Dans Grâce à Dieu, François Ozon a pris la décision, courageuse et déterminée, de traiter avec une précision implacable le sujet de la pédophilie dans l'Eglise catholique, à travers un fait divers qui fait aujourd'hui la Une des journaux : le procès du père Preynat, accusé d'abus sexuels sur mineurs, et celui du cardinal Barbarin, accusé d'inaction face à des faits connus de tous au sein du diocèse.
Pendant deux longues heures, le réalisateur met en scène les démarches de trois anciennes victimes, désormais adultes mais à jamais marquées par les abus du père Preynat, contre l'Eglise et son assourdissant silence. Trois hommes, aux profils sociologiques et psychologiques bien différents, vont unir leur action pour faire vaciller un édifice millénaire.

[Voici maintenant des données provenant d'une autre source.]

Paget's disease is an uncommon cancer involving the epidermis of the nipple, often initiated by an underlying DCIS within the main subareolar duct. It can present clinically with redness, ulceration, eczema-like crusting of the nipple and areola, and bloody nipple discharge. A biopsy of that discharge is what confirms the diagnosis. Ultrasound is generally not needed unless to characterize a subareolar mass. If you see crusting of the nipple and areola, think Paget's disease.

Le scénario est d'une qualité indéniable, montrant tous les aspects d'un thème d'une immense complexité (le regard compatissant ou au contraire agacé des proches, le silence coupable des familles, l'ambivalence des médias, le doute dans la foi, le réveil quelque peu hypocrite de l'institution religieuse). Les acteurs sont également remarquables, interprétant avec force les cicatrices de leurs personnages.

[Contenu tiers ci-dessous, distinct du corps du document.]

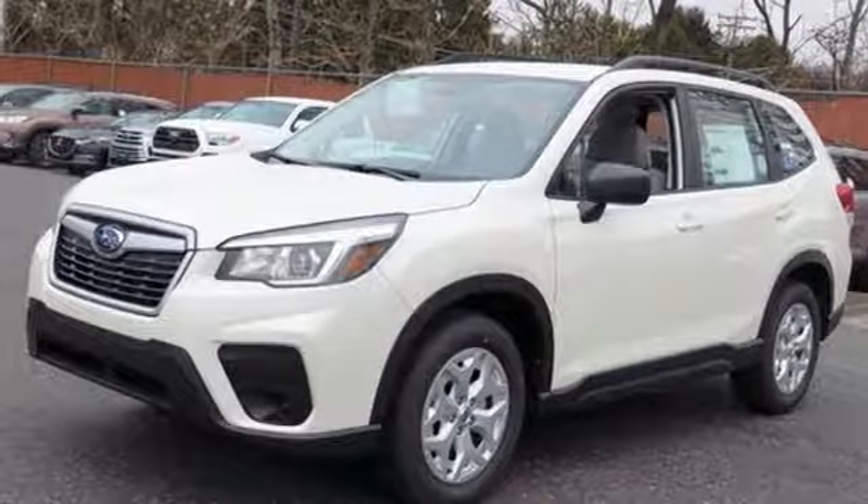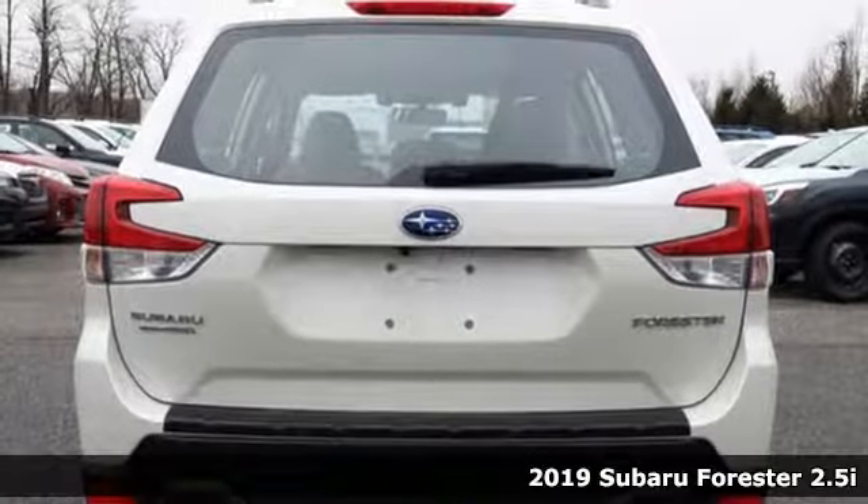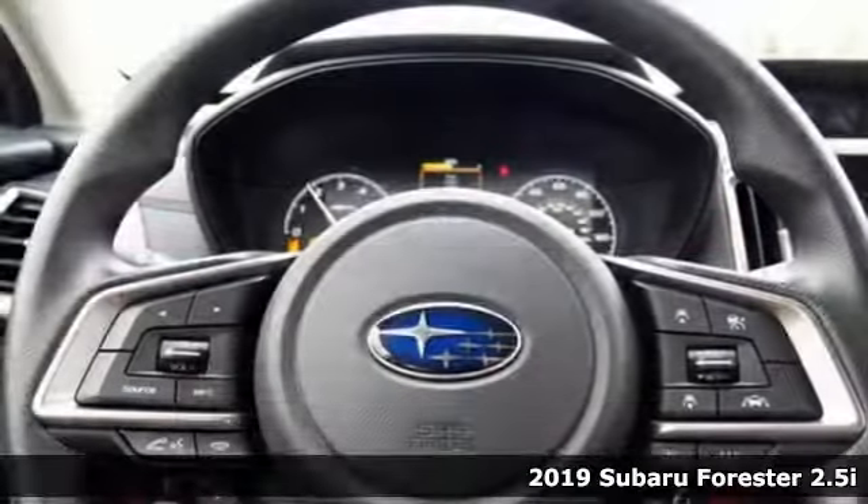It's a new 2019 Subaru Forester. Live up to your potential — the potential to experience things great and small in a Forester.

Malgré cela, le film de François Ozon est profondément ennuyeux et apathique. La faute à une absence totale de mise en scène et de cinéma. Souhaitant sans doute être le plus fidèle et respectueux possible des faits, le réalisateur se contente de mettre en image une succession d'événements, de procédures, d'étapes marquantes dans cette longue quête. Le film se perd ainsi dans le documentaire sans avoir la force du réel et manque cruellement de dramaturgie. Quelques moments de grâce peuvent traverser le film mais cela ne suffit pas à effacer une déception face à un sujet qui aurait mérité bien plus qu'une mise en image bien paresseuse.